=== Begin Enclosure ===
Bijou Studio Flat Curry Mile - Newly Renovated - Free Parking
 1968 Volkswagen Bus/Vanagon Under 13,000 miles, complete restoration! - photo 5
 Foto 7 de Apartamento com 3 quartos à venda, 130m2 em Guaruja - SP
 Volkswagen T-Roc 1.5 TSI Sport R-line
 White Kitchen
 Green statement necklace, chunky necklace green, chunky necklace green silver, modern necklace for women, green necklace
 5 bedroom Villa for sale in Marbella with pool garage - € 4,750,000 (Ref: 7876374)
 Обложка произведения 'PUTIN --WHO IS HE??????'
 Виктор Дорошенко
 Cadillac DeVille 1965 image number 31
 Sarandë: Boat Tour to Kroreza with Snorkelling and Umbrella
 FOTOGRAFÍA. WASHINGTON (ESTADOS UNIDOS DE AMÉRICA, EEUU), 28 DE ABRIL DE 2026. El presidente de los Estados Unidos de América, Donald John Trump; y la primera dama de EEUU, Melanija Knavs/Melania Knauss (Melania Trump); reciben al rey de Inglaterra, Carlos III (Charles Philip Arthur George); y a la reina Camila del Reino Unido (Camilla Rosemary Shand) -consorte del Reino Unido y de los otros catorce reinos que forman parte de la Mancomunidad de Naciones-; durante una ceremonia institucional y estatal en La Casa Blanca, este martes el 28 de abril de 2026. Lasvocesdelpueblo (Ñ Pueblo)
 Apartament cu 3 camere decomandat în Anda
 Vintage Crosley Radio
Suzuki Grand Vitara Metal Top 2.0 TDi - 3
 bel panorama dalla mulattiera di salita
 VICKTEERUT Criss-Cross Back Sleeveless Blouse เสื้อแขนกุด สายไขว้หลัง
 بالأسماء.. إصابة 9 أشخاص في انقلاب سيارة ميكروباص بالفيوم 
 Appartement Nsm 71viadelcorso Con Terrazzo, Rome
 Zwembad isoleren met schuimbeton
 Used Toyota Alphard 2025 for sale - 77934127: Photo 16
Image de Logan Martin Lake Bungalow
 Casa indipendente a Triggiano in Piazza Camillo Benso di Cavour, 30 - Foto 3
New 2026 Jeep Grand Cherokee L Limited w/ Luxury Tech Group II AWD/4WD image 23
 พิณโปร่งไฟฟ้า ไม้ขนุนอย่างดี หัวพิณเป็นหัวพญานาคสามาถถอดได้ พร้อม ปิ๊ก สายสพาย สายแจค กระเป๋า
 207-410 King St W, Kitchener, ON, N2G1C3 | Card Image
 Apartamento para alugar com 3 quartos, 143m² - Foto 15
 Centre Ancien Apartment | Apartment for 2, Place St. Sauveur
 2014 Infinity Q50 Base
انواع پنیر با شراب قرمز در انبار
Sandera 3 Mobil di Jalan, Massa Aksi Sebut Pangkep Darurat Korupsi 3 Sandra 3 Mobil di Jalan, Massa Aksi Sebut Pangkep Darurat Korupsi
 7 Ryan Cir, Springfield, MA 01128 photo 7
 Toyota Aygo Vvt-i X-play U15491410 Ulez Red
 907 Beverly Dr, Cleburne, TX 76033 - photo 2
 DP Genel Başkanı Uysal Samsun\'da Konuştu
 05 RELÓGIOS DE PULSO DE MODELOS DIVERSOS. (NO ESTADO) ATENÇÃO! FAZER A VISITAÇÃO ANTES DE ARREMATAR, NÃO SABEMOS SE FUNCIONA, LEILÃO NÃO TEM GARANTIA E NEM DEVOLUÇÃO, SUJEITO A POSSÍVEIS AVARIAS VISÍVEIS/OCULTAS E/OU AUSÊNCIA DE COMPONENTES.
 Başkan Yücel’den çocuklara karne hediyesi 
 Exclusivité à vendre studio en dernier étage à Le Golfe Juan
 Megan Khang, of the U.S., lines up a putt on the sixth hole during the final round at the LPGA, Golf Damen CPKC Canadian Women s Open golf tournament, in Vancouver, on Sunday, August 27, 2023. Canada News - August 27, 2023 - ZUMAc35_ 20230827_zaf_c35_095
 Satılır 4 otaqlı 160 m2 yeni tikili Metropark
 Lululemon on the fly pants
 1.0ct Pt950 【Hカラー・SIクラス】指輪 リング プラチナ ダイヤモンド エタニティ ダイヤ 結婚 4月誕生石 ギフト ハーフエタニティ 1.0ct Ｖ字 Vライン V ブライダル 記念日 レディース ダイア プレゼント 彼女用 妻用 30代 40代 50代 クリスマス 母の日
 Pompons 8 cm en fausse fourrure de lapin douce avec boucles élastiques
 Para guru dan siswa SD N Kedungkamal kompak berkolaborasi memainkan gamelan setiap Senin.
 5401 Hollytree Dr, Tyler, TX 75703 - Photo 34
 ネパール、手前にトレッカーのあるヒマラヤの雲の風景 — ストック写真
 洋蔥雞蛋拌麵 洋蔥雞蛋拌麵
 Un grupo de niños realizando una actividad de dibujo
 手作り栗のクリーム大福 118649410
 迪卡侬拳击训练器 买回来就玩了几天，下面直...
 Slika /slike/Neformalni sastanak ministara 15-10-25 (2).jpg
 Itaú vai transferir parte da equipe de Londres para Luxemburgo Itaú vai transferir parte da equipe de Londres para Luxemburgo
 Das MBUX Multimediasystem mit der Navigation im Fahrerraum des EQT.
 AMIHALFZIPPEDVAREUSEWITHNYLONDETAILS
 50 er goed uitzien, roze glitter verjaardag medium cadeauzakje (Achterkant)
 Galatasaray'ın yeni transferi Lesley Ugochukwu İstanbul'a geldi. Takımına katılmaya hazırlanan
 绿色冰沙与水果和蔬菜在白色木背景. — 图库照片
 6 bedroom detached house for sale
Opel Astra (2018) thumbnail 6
=== End Enclosure ===
Your response should consist of the full listing, repeated exactly.

Bijou Studio Flat Curry Mile - Newly Renovated - Free Parking
 1968 Volkswagen Bus/Vanagon Under 13,000 miles, complete restoration! - photo 5
 Foto 7 de Apartamento com 3 quartos à venda, 130m2 em Guaruja - SP
 Volkswagen T-Roc 1.5 TSI Sport R-line
 White Kitchen
 Green statement necklace, chunky necklace green, chunky necklace green silver, modern necklace for women, green necklace
 5 bedroom Villa for sale in Marbella with pool garage - € 4,750,000 (Ref: 7876374)
 Обложка произведения 'PUTIN --WHO IS HE??????'
 Виктор Дорошенко
 Cadillac DeVille 1965 image number 31
 Sarandë: Boat Tour to Kroreza with Snorkelling and Umbrella
 FOTOGRAFÍA. WASHINGTON (ESTADOS UNIDOS DE AMÉRICA, EEUU), 28 DE ABRIL DE 2026. El presidente de los Estados Unidos de América, Donald John Trump; y la primera dama de EEUU, Melanija Knavs/Melania Knauss (Melania Trump); reciben al rey de Inglaterra, Carlos III (Charles Philip Arthur George); y a la reina Camila del Reino Unido (Camilla Rosemary Shand) -consorte del Reino Unido y de los otros catorce reinos que forman parte de la Mancomunidad de Naciones-; durante una ceremonia institucional y estatal en La Casa Blanca, este martes el 28 de abril de 2026. Lasvocesdelpueblo (Ñ Pueblo)
 Apartament cu 3 camere decomandat în Anda
 Vintage Crosley Radio
Suzuki Grand Vitara Metal Top 2.0 TDi - 3
 bel panorama dalla mulattiera di salita
 VICKTEERUT Criss-Cross Back Sleeveless Blouse เสื้อแขนกุด สายไขว้หลัง
 بالأسماء.. إصابة 9 أشخاص في انقلاب سيارة ميكروباص بالفيوم 
 Appartement Nsm 71viadelcorso Con Terrazzo, Rome
 Zwembad isoleren met schuimbeton
 Used Toyota Alphard 2025 for sale - 77934127: Photo 16
Image de Logan Martin Lake Bungalow
 Casa indipendente a Triggiano in Piazza Camillo Benso di Cavour, 30 - Foto 3
New 2026 Jeep Grand Cherokee L Limited w/ Luxury Tech Group II AWD/4WD image 23
 พิณโปร่งไฟฟ้า ไม้ขนุนอย่างดี หัวพิณเป็นหัวพญานาคสามาถถอดได้ พร้อม ปิ๊ก สายสพาย สายแจค กระเป๋า
 207-410 King St W, Kitchener, ON, N2G1C3 | Card Image
 Apartamento para alugar com 3 quartos, 143m² - Foto 15
 Centre Ancien Apartment | Apartment for 2, Place St. Sauveur
 2014 Infinity Q50 Base
انواع پنیر با شراب قرمز در انبار
Sandera 3 Mobil di Jalan, Massa Aksi Sebut Pangkep Darurat Korupsi 3 Sandra 3 Mobil di Jalan, Massa Aksi Sebut Pangkep Darurat Korupsi
 7 Ryan Cir, Springfield, MA 01128 photo 7
 Toyota Aygo Vvt-i X-play U15491410 Ulez Red
 907 Beverly Dr, Cleburne, TX 76033 - photo 2
 DP Genel Başkanı Uysal Samsun\'da Konuştu
 05 RELÓGIOS DE PULSO DE MODELOS DIVERSOS. (NO ESTADO) ATENÇÃO! FAZER A VISITAÇÃO ANTES DE ARREMATAR, NÃO SABEMOS SE FUNCIONA, LEILÃO NÃO TEM GARANTIA E NEM DEVOLUÇÃO, SUJEITO A POSSÍVEIS AVARIAS VISÍVEIS/OCULTAS E/OU AUSÊNCIA DE COMPONENTES.
 Başkan Yücel’den çocuklara karne hediyesi 
 Exclusivité à vendre studio en dernier étage à Le Golfe Juan
 Megan Khang, of the U.S., lines up a putt on the sixth hole during the final round at the LPGA, Golf Damen CPKC Canadian Women s Open golf tournament, in Vancouver, on Sunday, August 27, 2023. Canada News - August 27, 2023 - ZUMAc35_ 20230827_zaf_c35_095
 Satılır 4 otaqlı 160 m2 yeni tikili Metropark
 Lululemon on the fly pants
 1.0ct Pt950 【Hカラー・SIクラス】指輪 リング プラチナ ダイヤモンド エタニティ ダイヤ 結婚 4月誕生石 ギフト ハーフエタニティ 1.0ct Ｖ字 Vライン V ブライダル 記念日 レディース ダイア プレゼント 彼女用 妻用 30代 40代 50代 クリスマス 母の日
 Pompons 8 cm en fausse fourrure de lapin douce avec boucles élastiques
 Para guru dan siswa SD N Kedungkamal kompak berkolaborasi memainkan gamelan setiap Senin.
 5401 Hollytree Dr, Tyler, TX 75703 - Photo 34
 ネパール、手前にトレッカーのあるヒマラヤの雲の風景 — ストック写真
 洋蔥雞蛋拌麵 洋蔥雞蛋拌麵
 Un grupo de niños realizando una actividad de dibujo
 手作り栗のクリーム大福 118649410
 迪卡侬拳击训练器 买回来就玩了几天，下面直...
 Slika /slike/Neformalni sastanak ministara 15-10-25 (2).jpg
 Itaú vai transferir parte da equipe de Londres para Luxemburgo Itaú vai transferir parte da equipe de Londres para Luxemburgo
 Das MBUX Multimediasystem mit der Navigation im Fahrerraum des EQT.
 AMIHALFZIPPEDVAREUSEWITHNYLONDETAILS
 50 er goed uitzien, roze glitter verjaardag medium cadeauzakje (Achterkant)
 Galatasaray'ın yeni transferi Lesley Ugochukwu İstanbul'a geldi. Takımına katılmaya hazırlanan
 绿色冰沙与水果和蔬菜在白色木背景. — 图库照片
 6 bedroom detached house for sale
Opel Astra (2018) thumbnail 6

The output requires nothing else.